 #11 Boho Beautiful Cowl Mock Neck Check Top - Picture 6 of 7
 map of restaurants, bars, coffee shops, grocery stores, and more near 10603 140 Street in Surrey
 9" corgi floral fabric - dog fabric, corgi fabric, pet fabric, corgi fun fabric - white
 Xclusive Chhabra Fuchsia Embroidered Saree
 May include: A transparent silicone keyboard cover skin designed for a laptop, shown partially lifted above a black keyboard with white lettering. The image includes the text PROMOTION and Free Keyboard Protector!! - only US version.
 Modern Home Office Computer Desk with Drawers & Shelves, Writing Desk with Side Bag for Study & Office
———
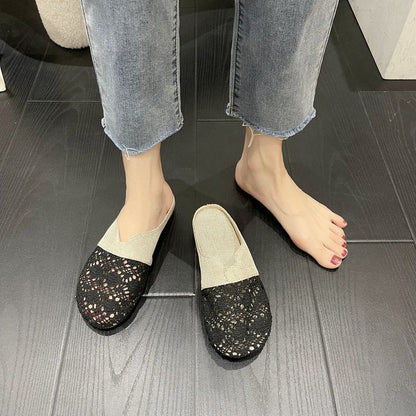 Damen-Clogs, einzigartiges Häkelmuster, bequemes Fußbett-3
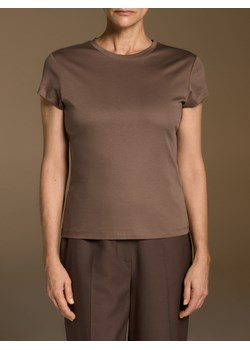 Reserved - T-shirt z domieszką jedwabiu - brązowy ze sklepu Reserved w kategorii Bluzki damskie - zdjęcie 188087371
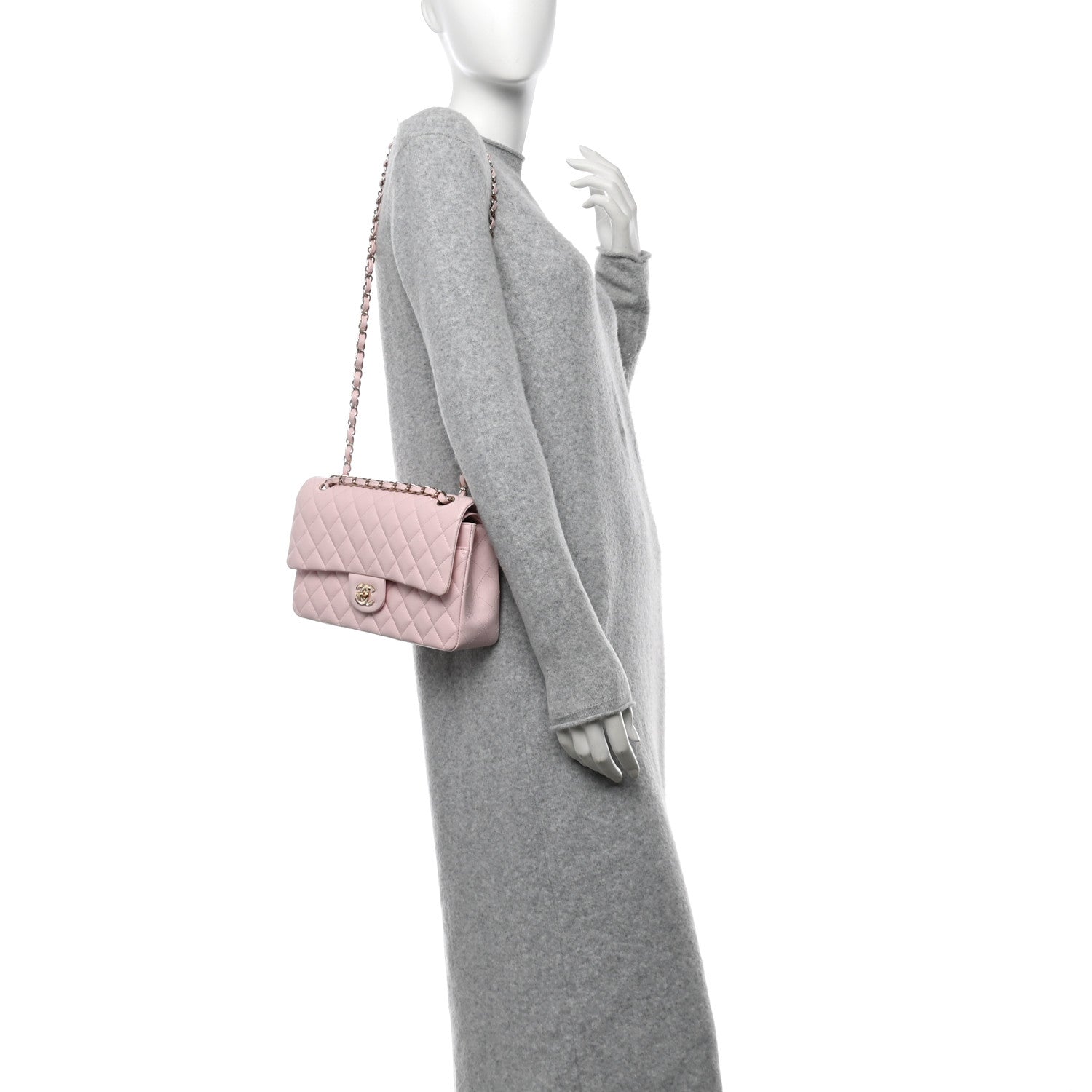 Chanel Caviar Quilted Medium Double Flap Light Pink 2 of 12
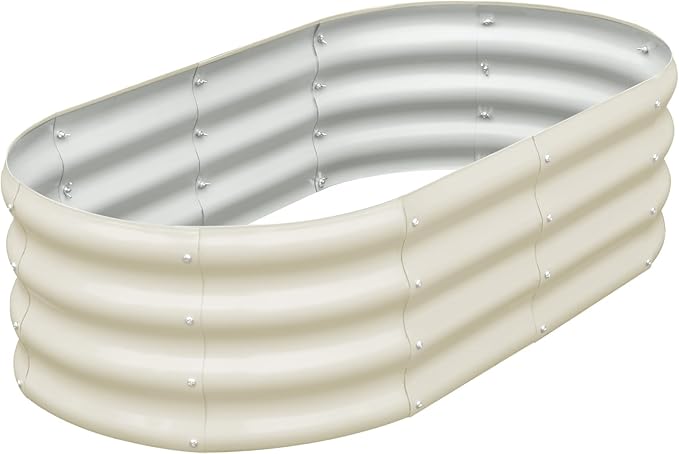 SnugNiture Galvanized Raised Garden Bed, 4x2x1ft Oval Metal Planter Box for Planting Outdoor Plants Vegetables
———
▶ **WHAT IS BEING ASKED**
Copy out, exactly and alone, the lines of the entries above between the ones holding "#11 Boho Beautiful" and "Xclusive Chhabra Fuchsia Embroidered Saree", inclusive.

▶ **EXERCISE RESPONSE**
 #11 Boho Beautiful Cowl Mock Neck Check Top - Picture 6 of 7
 map of restaurants, bars, coffee shops, grocery stores, and more near 10603 140 Street in Surrey
 9" corgi floral fabric - dog fabric, corgi fabric, pet fabric, corgi fun fabric - white
 Xclusive Chhabra Fuchsia Embroidered Saree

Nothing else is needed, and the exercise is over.